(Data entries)
>>
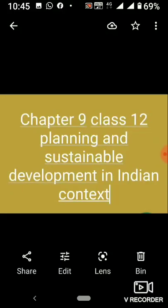Good morning class. Chapter 9 Planning and Sustainable Development in Indian Context — we had made a video on this and will continue with the same topic today. Yesterday we discussed the definition and introduction of the chapter, then we discussed the 5-year plans — when they started, when they ended, and what was the emphasis of each plan.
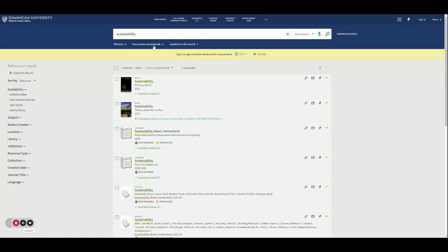Using this sample term, sustainability, you can see that we have over 1 million results, which is way too much information.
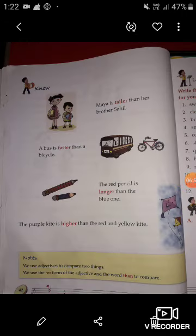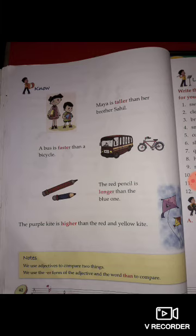Now students, let's come to the next topic. 'Maya is taller than her brother Sahil.' Look at this picture — Maya is taller than her brother Sahil. The word 'taller' is an adjective, and the word 'taller' compares between Maya and her brother.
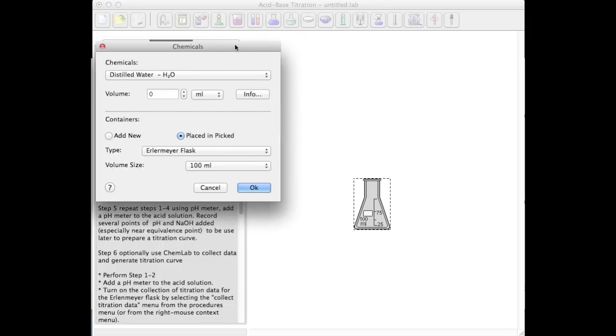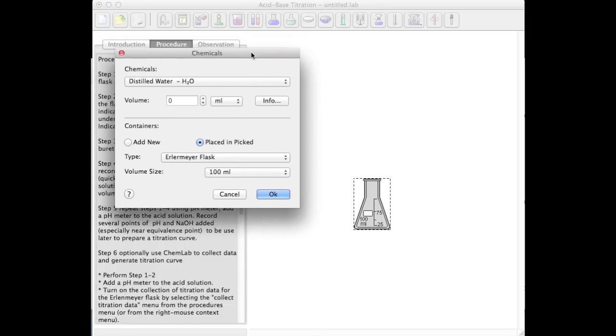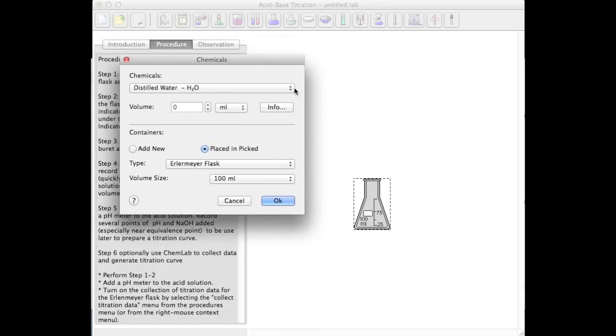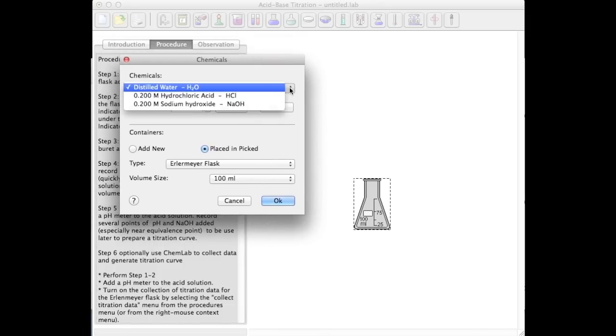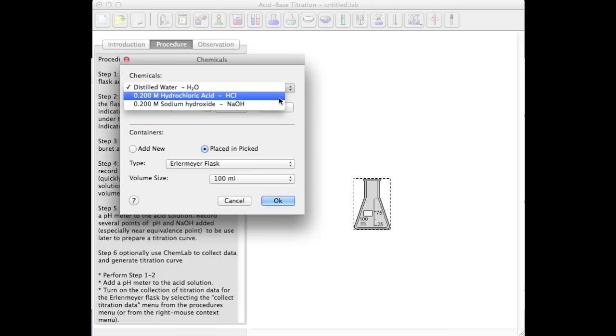First thing I'm going to do is add a flask and add some hydrochloric acid to my flask.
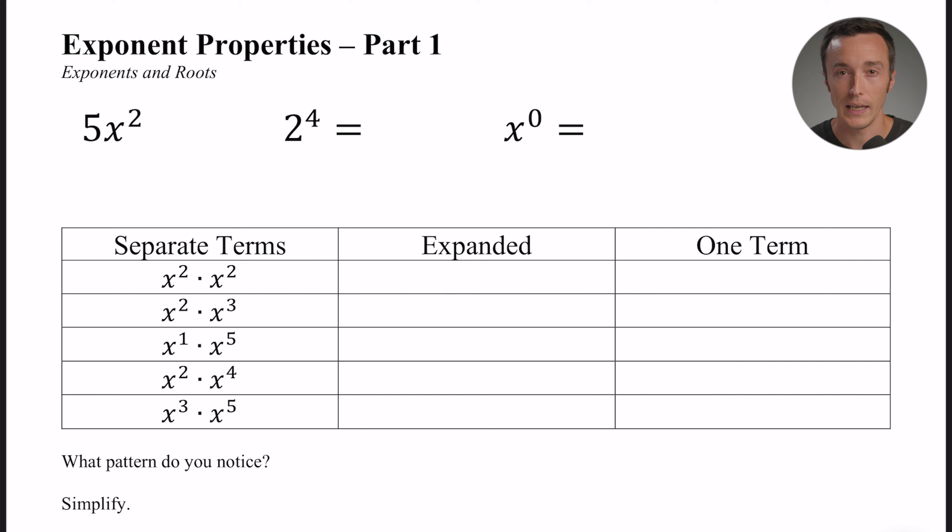Hey, how's it going everybody? Welcome back. Today on Melanie's Math we're going to be talking about exponent properties. This is going to be part one of a series, and if you want to follow along with this worksheet, it'll be the first link in the description below.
<<
The reply must hold every line above exactly as written and none of the pictures.

== RESULT FOR THIS TASK ==
Good morning class. Chapter 9 Planning and Sustainable Development in Indian Context — we had made a video on this and will continue with the same topic today. Yesterday we discussed the definition and introduction of the chapter, then we discussed the 5-year plans — when they started, when they ended, and what was the emphasis of each plan.
Using this sample term, sustainability, you can see that we have over 1 million results, which is way too much information.
Now students, let's come to the next topic. 'Maya is taller than her brother Sahil.' Look at this picture — Maya is taller than her brother Sahil. The word 'taller' is an adjective, and the word 'taller' compares between Maya and her brother.
First thing I'm going to do is add a flask and add some hydrochloric acid to my flask.
Hey, how's it going everybody? Welcome back. Today on Melanie's Math we're going to be talking about exponent properties. This is going to be part one of a series, and if you want to follow along with this worksheet, it'll be the first link in the description below.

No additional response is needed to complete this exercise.